▸ **Dataset content**:
+ + + + +
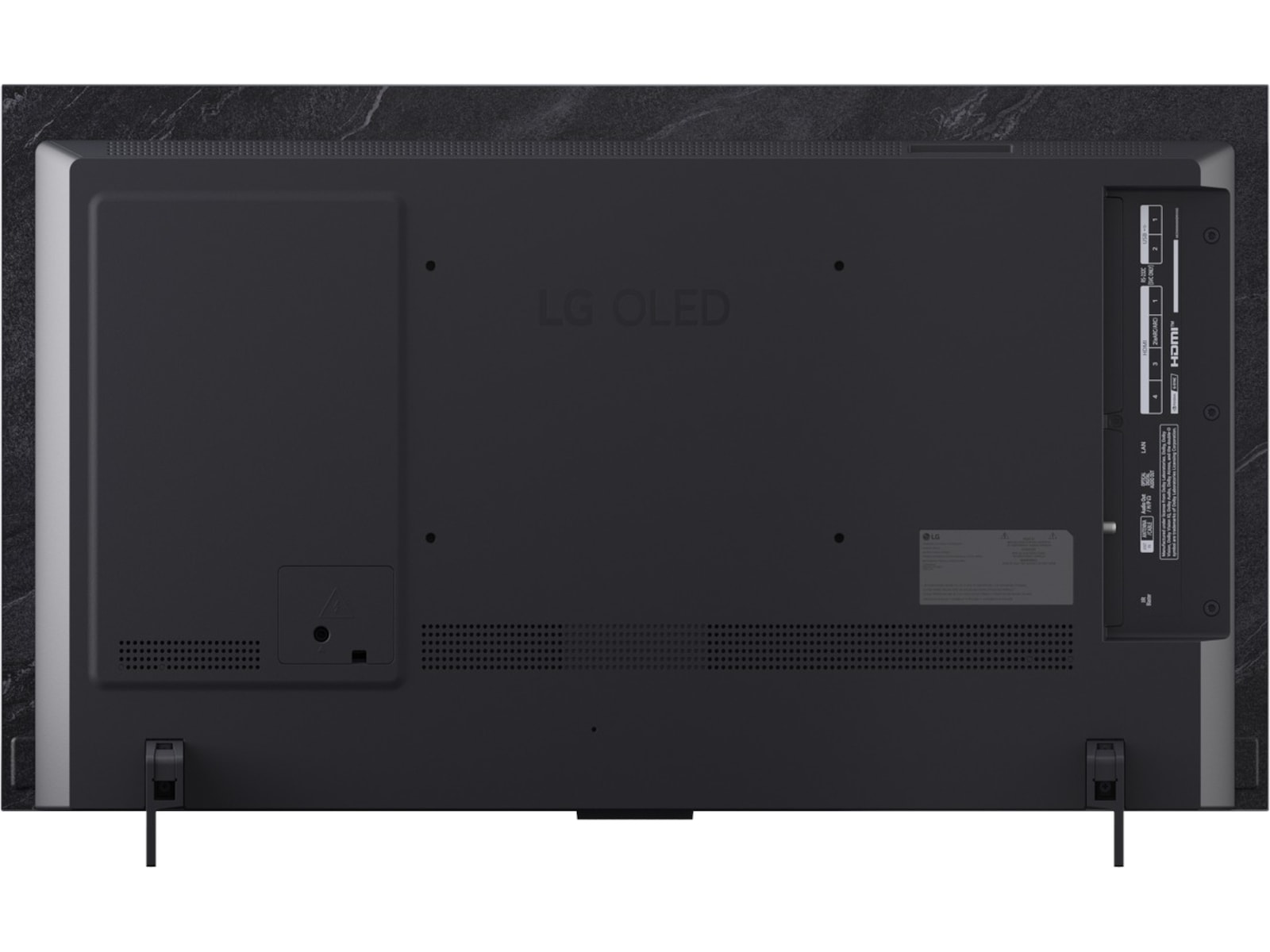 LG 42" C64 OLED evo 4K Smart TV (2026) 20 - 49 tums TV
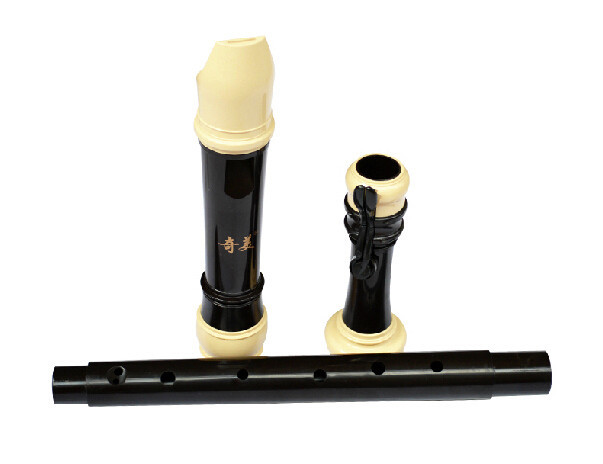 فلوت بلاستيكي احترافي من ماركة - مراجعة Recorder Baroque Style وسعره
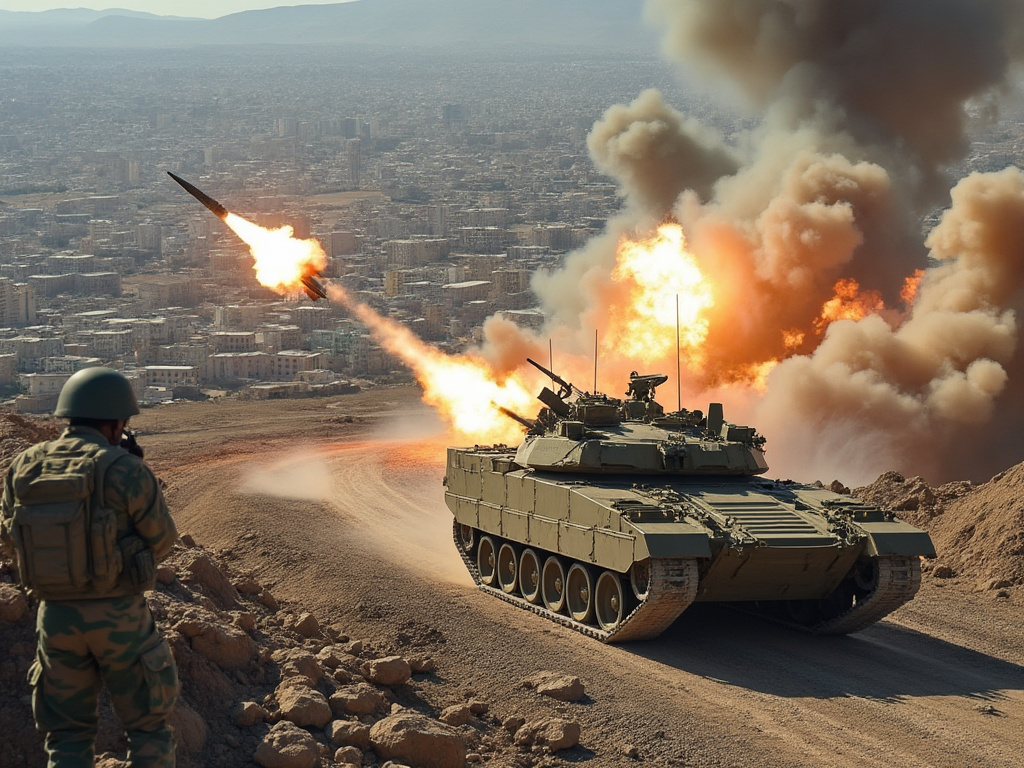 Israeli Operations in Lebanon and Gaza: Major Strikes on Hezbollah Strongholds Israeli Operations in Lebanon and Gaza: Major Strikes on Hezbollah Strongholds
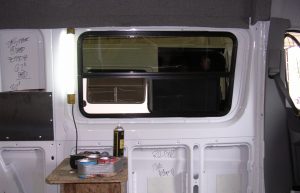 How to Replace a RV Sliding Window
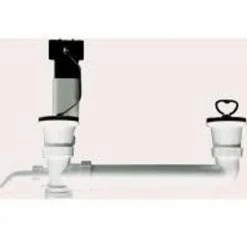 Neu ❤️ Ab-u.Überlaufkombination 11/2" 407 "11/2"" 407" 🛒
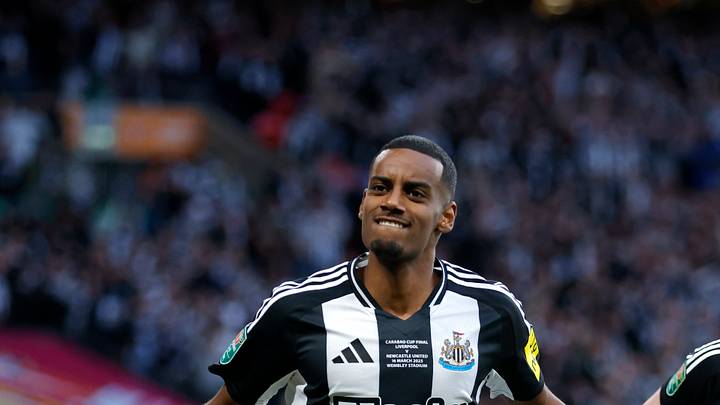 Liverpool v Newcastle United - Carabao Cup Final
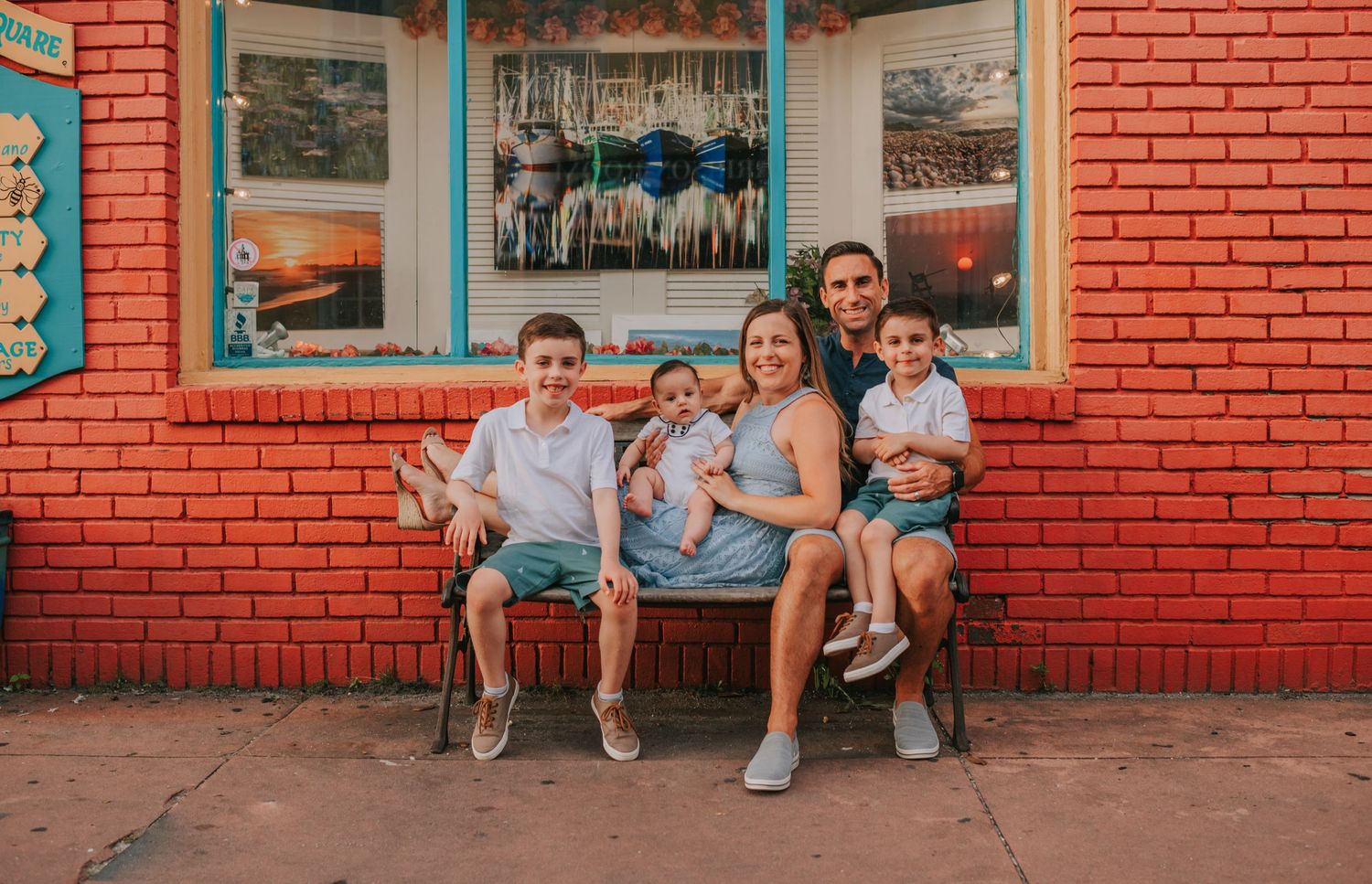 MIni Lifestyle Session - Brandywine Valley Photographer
+ + + + +
▸ **To do**:
Transcribe every line from the one with "فلوت بلاستيكي احترافي" to the last line of the records above, exactly, excluding pictures.

▸ **Solution**:
 فلوت بلاستيكي احترافي من ماركة - مراجعة Recorder Baroque Style وسعره
 Israeli Operations in Lebanon and Gaza: Major Strikes on Hezbollah Strongholds Israeli Operations in Lebanon and Gaza: Major Strikes on Hezbollah Strongholds
 How to Replace a RV Sliding Window
 Neu ❤️ Ab-u.Überlaufkombination 11/2" 407 "11/2"" 407" 🛒
 Liverpool v Newcastle United - Carabao Cup Final
 MIni Lifestyle Session - Brandywine Valley Photographer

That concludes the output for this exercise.